■ WHAT TO PRODUCE
From the entries that follow, reproduce exactly and only the lines from the line with "Baskets beiges pour" to the line with "Chaussure en cuir", endpoints included.

■ DATA UNDER STUDY
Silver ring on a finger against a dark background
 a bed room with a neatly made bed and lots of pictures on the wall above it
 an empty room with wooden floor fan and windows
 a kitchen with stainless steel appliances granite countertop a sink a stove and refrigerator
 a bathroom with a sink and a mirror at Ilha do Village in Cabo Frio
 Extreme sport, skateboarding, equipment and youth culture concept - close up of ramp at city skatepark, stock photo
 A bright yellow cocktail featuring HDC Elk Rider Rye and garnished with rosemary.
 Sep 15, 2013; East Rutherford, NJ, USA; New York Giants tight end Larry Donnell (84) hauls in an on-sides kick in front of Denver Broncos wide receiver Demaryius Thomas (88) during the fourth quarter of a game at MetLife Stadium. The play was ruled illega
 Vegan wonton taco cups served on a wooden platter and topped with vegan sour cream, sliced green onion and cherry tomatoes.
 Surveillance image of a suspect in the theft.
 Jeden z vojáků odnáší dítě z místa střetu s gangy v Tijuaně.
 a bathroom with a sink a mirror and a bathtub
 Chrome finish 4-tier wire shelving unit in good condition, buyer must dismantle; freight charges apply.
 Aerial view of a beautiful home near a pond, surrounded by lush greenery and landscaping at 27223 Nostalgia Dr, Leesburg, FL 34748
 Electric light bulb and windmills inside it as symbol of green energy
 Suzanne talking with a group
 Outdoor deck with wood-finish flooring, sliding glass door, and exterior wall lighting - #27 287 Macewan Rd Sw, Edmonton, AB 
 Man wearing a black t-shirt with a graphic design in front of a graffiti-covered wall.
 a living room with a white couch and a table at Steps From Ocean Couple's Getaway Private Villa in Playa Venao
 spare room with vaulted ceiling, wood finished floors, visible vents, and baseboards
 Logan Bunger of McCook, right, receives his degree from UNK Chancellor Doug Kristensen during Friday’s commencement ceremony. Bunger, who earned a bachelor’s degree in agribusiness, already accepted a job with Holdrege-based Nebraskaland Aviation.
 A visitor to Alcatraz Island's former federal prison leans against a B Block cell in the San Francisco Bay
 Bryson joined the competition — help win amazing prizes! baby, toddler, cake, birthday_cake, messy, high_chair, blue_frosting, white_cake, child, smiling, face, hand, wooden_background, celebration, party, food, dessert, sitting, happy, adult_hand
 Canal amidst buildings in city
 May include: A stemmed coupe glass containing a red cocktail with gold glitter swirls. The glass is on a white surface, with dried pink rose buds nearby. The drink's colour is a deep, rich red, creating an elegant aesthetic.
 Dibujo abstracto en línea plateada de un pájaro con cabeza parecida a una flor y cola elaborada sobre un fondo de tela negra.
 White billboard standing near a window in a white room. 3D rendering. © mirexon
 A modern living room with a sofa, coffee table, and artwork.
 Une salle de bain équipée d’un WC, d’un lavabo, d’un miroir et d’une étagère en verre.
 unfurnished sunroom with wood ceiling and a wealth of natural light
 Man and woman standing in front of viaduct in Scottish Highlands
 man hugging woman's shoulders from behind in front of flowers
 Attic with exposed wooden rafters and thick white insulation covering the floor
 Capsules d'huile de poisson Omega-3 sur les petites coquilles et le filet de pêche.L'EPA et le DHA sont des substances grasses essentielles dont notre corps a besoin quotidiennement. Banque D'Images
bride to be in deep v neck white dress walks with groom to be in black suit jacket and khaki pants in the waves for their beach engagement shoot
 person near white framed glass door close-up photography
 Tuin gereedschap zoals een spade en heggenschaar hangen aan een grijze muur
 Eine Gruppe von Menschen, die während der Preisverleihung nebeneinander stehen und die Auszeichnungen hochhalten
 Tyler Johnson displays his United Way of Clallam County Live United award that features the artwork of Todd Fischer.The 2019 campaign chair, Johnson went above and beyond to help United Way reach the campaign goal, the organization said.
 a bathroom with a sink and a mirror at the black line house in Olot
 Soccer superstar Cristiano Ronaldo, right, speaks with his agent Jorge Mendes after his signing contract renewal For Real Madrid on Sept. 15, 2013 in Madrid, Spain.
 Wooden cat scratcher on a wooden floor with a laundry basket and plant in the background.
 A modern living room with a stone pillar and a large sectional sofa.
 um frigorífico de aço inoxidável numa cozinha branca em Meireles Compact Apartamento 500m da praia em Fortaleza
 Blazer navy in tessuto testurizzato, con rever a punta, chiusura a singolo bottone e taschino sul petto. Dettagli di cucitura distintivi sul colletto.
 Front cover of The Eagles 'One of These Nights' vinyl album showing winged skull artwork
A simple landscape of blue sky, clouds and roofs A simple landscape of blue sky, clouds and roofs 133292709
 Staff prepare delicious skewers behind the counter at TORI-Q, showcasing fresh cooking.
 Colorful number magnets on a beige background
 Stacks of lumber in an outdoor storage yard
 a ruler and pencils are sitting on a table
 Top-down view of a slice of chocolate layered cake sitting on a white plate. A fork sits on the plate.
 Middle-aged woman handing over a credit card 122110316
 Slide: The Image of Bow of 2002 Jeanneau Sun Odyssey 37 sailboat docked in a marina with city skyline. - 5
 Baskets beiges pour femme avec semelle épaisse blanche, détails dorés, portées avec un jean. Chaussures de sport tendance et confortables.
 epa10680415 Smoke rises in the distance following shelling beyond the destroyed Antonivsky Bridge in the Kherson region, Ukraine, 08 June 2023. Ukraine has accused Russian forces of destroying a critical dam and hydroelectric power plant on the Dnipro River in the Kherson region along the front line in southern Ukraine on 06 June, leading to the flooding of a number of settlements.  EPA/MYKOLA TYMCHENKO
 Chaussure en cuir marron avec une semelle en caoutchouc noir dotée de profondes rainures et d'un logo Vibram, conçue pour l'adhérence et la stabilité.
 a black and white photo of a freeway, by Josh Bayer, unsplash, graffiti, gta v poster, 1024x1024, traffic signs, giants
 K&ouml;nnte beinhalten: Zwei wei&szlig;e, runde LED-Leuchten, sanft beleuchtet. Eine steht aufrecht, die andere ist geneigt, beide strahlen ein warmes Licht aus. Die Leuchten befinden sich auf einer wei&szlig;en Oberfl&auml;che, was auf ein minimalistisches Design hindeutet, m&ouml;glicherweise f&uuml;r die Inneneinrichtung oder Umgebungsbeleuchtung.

■ YOUR SOLUTION
 Baskets beiges pour femme avec semelle épaisse blanche, détails dorés, portées avec un jean. Chaussures de sport tendance et confortables.
 epa10680415 Smoke rises in the distance following shelling beyond the destroyed Antonivsky Bridge in the Kherson region, Ukraine, 08 June 2023. Ukraine has accused Russian forces of destroying a critical dam and hydroelectric power plant on the Dnipro River in the Kherson region along the front line in southern Ukraine on 06 June, leading to the flooding of a number of settlements.  EPA/MYKOLA TYMCHENKO
 Chaussure en cuir marron avec une semelle en caoutchouc noir dotée de profondes rainures et d'un logo Vibram, conçue pour l'adhérence et la stabilité.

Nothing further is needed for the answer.